With one sentence, the 1,221-page bill signed Saturday by President Barack Obama helps the Westlands Water District and privately owned Kern Water Bank, among others, buy more from irrigation districts served by the federal Central Valley Project.
With a second sentence, the bill orders a study designed to streamline water sales, including those from north of the Sacramento-San Joaquin Delta to south of the Delta.
“The water transfer language inserted by Sen. Feinstein will add to the flexibility that we have sought, and it will certainly help us meet our water needs,” Westlands General Manager Tom Birmingham said in an interview Monday.
Feinstein describes the measure as a sensible way to move water around the state. But opponents, who had earlier resisted the proposals when presented as separate legislation, consider it a boon for some well-connected farmers.
“It’s an earmark worth millions to the water merchants, who can buy water at rock-bottom prices and resell it,” Patricia Schifferle, director of the environmental group Pacific Advocates, said in an interview Monday, adding that “there are a lot of things that sneak into these late-night bills.”
And Barbara Barrigan-Parrilla, campaign director of Restore the Delta, agreed Monday that the legislation “opens the door to problematic water transfers (that) could be used for speculation (and) development.”
The issues are both technically complex and politically fraught, as is usually the case with California water.

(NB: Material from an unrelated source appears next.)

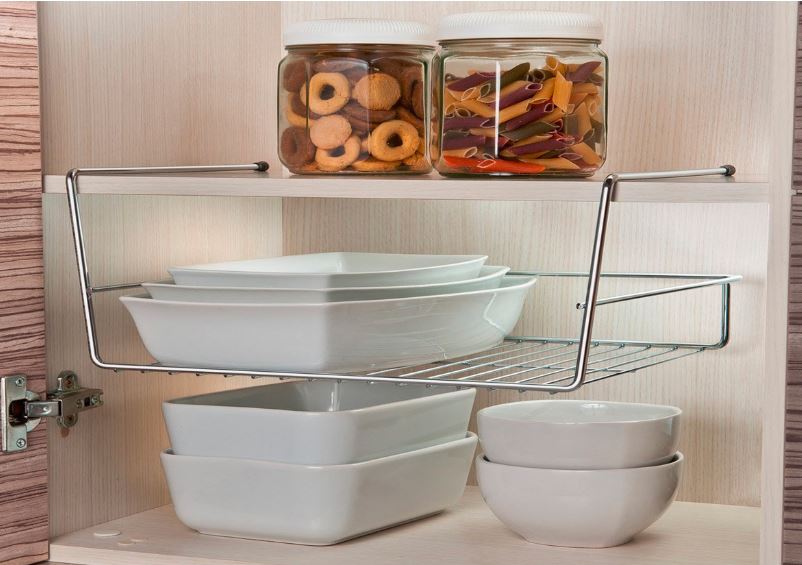 Organizador de prateleira cromado. Pelo valor de R$ 69,80 na <a href="https://www.ordenato.com.br/departamento/cozinha/organizadores-de-armarios-84/organizador-de-armario-prateleira-46cm-1128" target="_blank" rel="noopener">Ordenato</a>. Organizador de prateleira cromado. Pelo valor de R$ 69,80 na <a href="https://www.ordenato.com.br/departamento/cozinha/organizadores-de-armarios-84/organizador-de-armario-prateleira-46cm-1128" target="_blank" rel="noopener">Ordenato</a>.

In part, the legislation lifts several restrictions that a 1992 environmental law imposed on the transfer of Central Valley Project water. The federal project provides water at subsidized rates through a Redding-to-Bakersfield network of dams and canals.
The 1992 law, called the Central Valley Project Improvement Act, declared that irrigation districts could only sell their water if it would have otherwise been “consumptively used or irretrievably lost.” The districts also could only sell water amounting to the average of what they actually received.
The rules were designed in part to limit water speculation and ensure irrigation districts were not selling contracted-for water that they really didn’t have.
Operating under these existing rules, as well as others, federal officials last year oversaw the transfer of about 600,000 acre-feet of CVP water in California. This was about 10 percent of the total amount delivered through the project.
In 2009, Feinstein and Democratic Sen. Barbara Boxer wrote legislation essentially waiving the two rules for certain water transfers. A similar bill was written in the House by Reps. Dennis Cardoza, D-Atwater, Calif., and Jim Costa, D-Fresno, Calif.
“The bill…will provide more flexibility in the system, allowing water to flow more freely around the Central Valley,” Feinstein said when she introduced the bill in October 2009.
Birmingham added Monday that the revisions will “help to streamline the approval process” for water transfers. Feinstein has estimated that up to 80,000 acre-feet of additional water might be transferred under the new rules.
The 2009 legislation had not advanced beyond the Senate after it drew concerted opposition from environmentalists. The Sierra Club and Friends of the River, among other groups, charged in a June 2010 written statement that the bill would “seriously exacerbate conflict over California water use.”
Under one scenario sketched by critics, customers such as the Kern Water Bank could now buy federal irrigation water from the CVP and then sell its state-delivered water to urban users and developers in Southern California.
A Kern Water Bank spokesman could not be reached to comment.